Meskipun sejarah pasti penciptaan tari condong masih menjadi perdebatan, masyarakat Bali mempercayai bahwa tarian ini berasal dari mimpi Pangeran Sukawati yang mengidap sakit parah. Tari Condong kemudian berkembang di lingkungan kerajaan dan menjadi bagian penting dari kebudayaan Bali.
Dalam seni tari, gerakan memiliki peran utama dalam menyampaikan cerita. Gerakan dalam tari condong mencerminkan pelayan yang melayani rajanya, menggabungkan berbagai gerakan dari tari-tari tradisional Bali seperti panyembrama, legong, gambuh, dan arja.

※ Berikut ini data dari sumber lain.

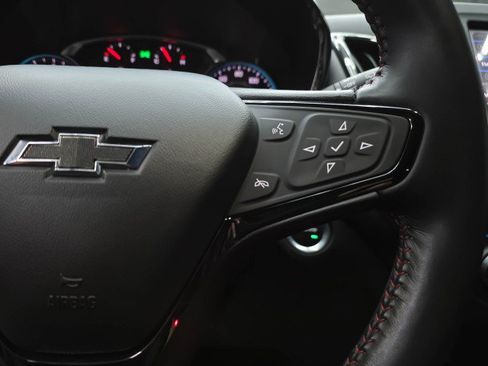 Used 2022 Chevrolet Equinox RS AWD/4WD image 20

Tari Condong sering menjadi pembuka dari pertunjukkan tari legong. Penari condong memasuki panggung terlebih dahulu tanpa menggunakan kipas, kemudian bergabung dengan penari legong dalam pertunjukkan. Biasanya, tarian ini memiliki durasi sekitar 15 menit.
Dalam bentuk tarian legong lasem, penari condong sering kali kembali ke panggung dengan menggunakan sayap gagak, yang dikaitkan dengan ramalan kematian Raja Lasem. Burung gagak dianggap sebagai pertanda kematian dalam kebudayaan Bali, memberikan elemen misteri yang mendalam pada pertunjukkan tari ini.
Tari Condong bukan hanya sekedar tarian, tetapi juga sebuah warisan budaya yang berharga bagi masyarakat Bali. Melalui pengajaran pada anak-anak, tari ini terus dilestarikan sebagai bagian tak terpisahkan dari kebudayaan Bali yang eksotis dan memesona.